A step back toward normalcy seen in pro-police vote

A step back toward normalcy seen in pro-police vote

Voters pushed back on the "defund the police" movement in Minneapolis on Tuesday, and observers are hopeful it's an indication that people are finally coming to their senses that the movement isn't such a good idea.

By a vote of 57%-44%, Minneapolis voters rejected a ballot initiative that would have abolished the Minneapolis Police Department and replaced it with a "Department of Public Safety." Question 2 would have changed the city charter to remove a requirement that the city have a police department with a minimum number of officers. It called for the creation of that new department to take "a comprehensive public health approach to the delivery of functions" that would be determined by the mayor and city council.

Randy Sutton of The Wounded Blue says because the measure didn't include any details about what the new department would look like – and clearly left it up to the city's leaders – Question 2 went down in flames.

Sutton, Lt. Randy Sutton

"The people didn't know what [they were] going to get," he summarizes. "And I think that probably hurt them, which I'm very happy for, because they could have put in anything – it literally left everything up to the city council."

He says voters also reacted to an increase in crime, as in every city that has attacked its police force. The murder rate increased almost doubled in 2019 to a record high, and 2021 is on pace to eclipse that. The residents of Minneapolis, says Sutton, have reached their limit on the nonsensical abuses of the "woke" Left.

"I think that what we're seeing is the American public finally saying, You know? This ain't working. We've got to go back to some type of normalcy."

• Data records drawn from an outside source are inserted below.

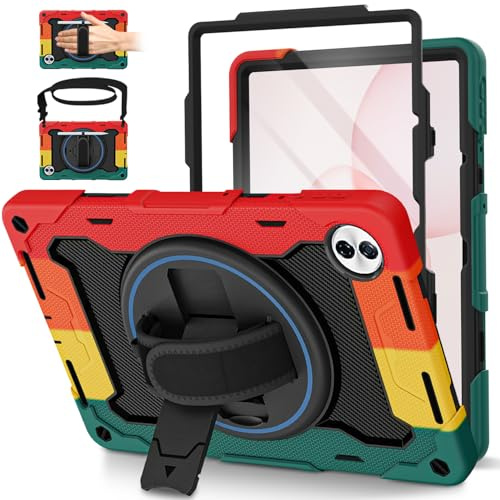 ROSROME for Honor Pad 10/20 Case 12.1 Inch 2025/2026 with Screen Protector | Shockproof Heavy Duty Kids Cover, 360°Rotating Stand/Shoulder Strap/Hand Strap/Pen Holder for Honor 10 Tablet Case, Red
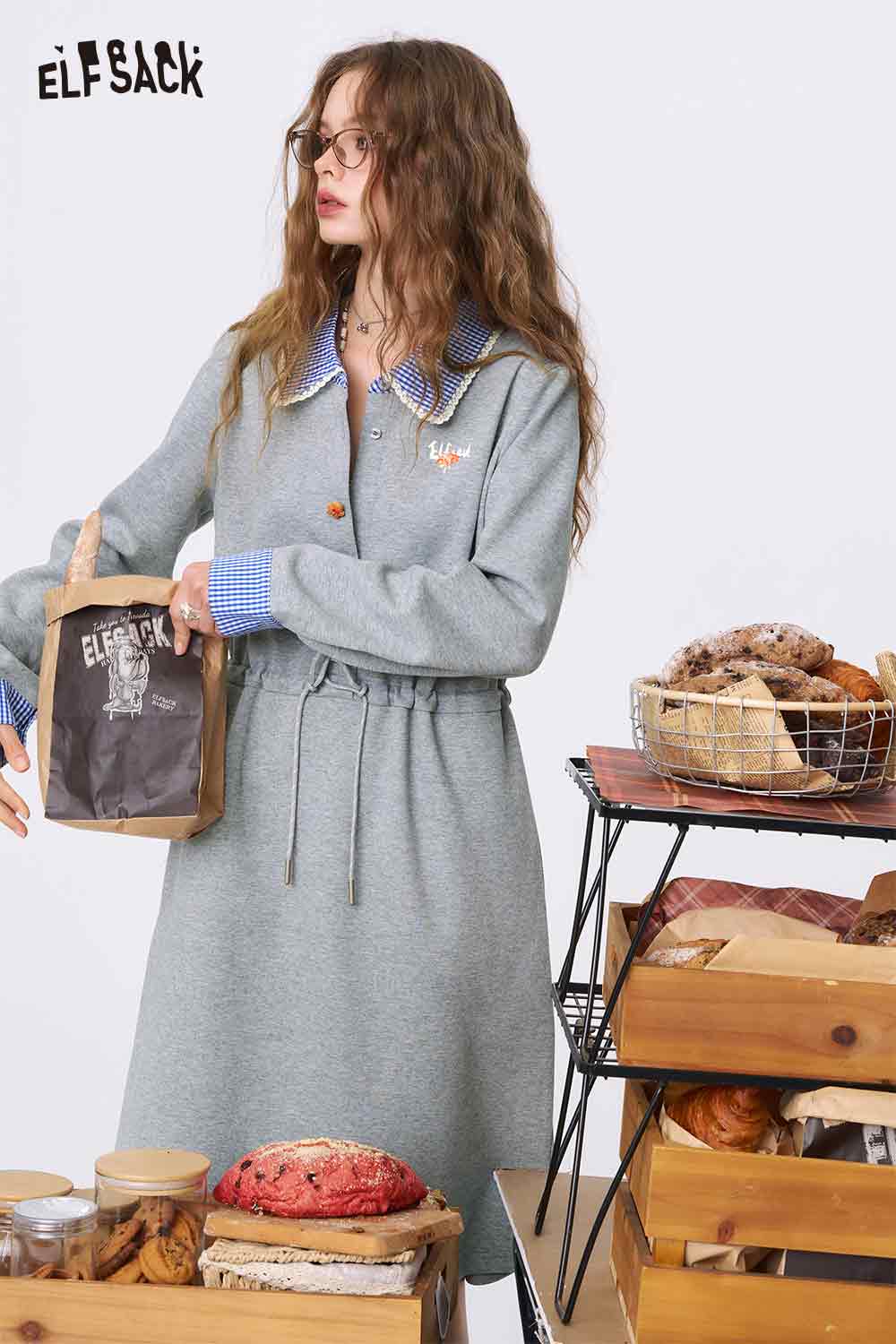 ELFSACK gray cinched waist dress for women midi knit dress with drawstring waist and blue gingham collar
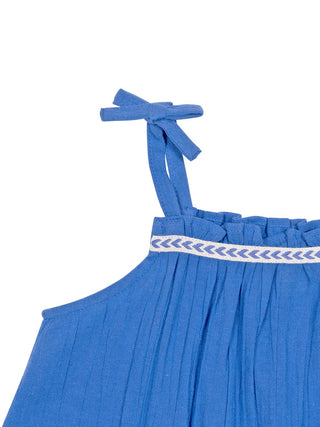 Voile-Top aus Bio-Baumwolle - Blau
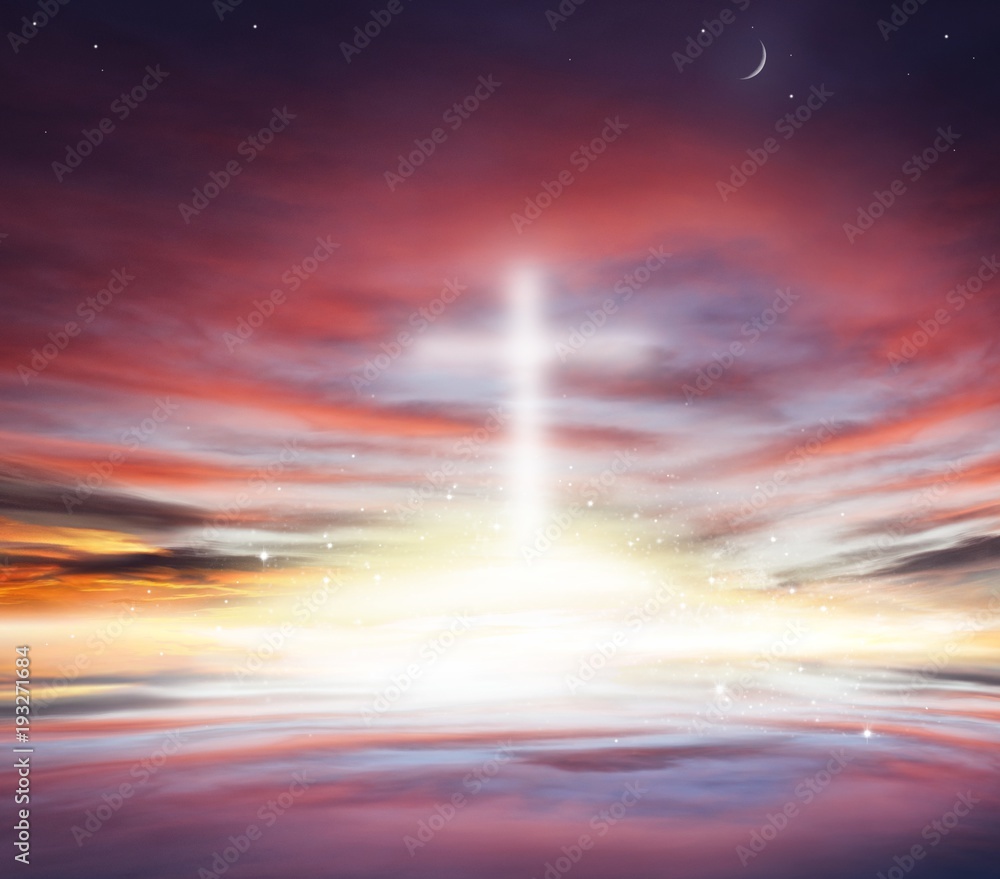  Beautiful heavenly landscape with the sun in the clouds.  moon and stars . Glowing cross in sky . Sunset and sunrise in the sky .   Light from sky . Religion background .     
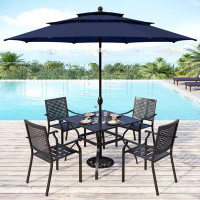 Lark Manor 5-piece Steel Patio Outdoor Dining Set With Umbrella,metal Stackable Chairs, Square Table
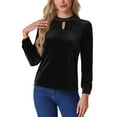 thumbnail image 1 of INSPIRE CHIC Velvet Top for Women's Stand Collar Long Sleeve Elegant Casual Blouse M Black, 1 of 5
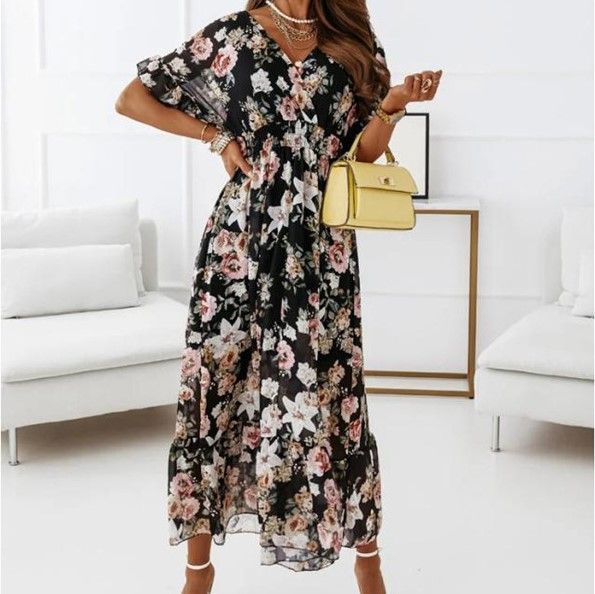 LP | Abito midi con scollo a V in linea A YS10036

He says it could take the 2022 midterms to say for sure, but Tuesday was a fantastic first step.

"I'm feeling pretty good that maybe normalcy is going to march back in at some time. It may take next year's election to actually show that the American public is really tired of what they have been subjected to. But I think what we've seen here is encouraging."

About those who voted against it

A Minnesota-based ministry leader agrees, saying the residents of Minneapolis clearly came to their senses in rejecting Question 2. Jan Markell is founder and director of Olive Tree Ministries tells AFN that it makes no sense to her that more than 40% of those who voted wanted to implement some kind of social work program.

Markell, Jan (Olive Tree Ministries) Markell

"Well, if there's violence involved, social workers aren't going to be much good," she states.

But Markell suggests that what's going on in Minneapolis and other cities is a sign of the approach of the End Times.

"The hour is getting later and later and later – and the Lord is going to rapture his Church out of this rather sinful, decrepit, broken planet very, very soon," she shares. "Now in the meantime, could we ever return to more sound government? It would be nice."

Two left-leaning Minnesota Democrats – U.S. Representative Ilhan Omar, who represents the Minneapolis area, and state Attorney General Keith Ellison – both supported the anti-policing amendment.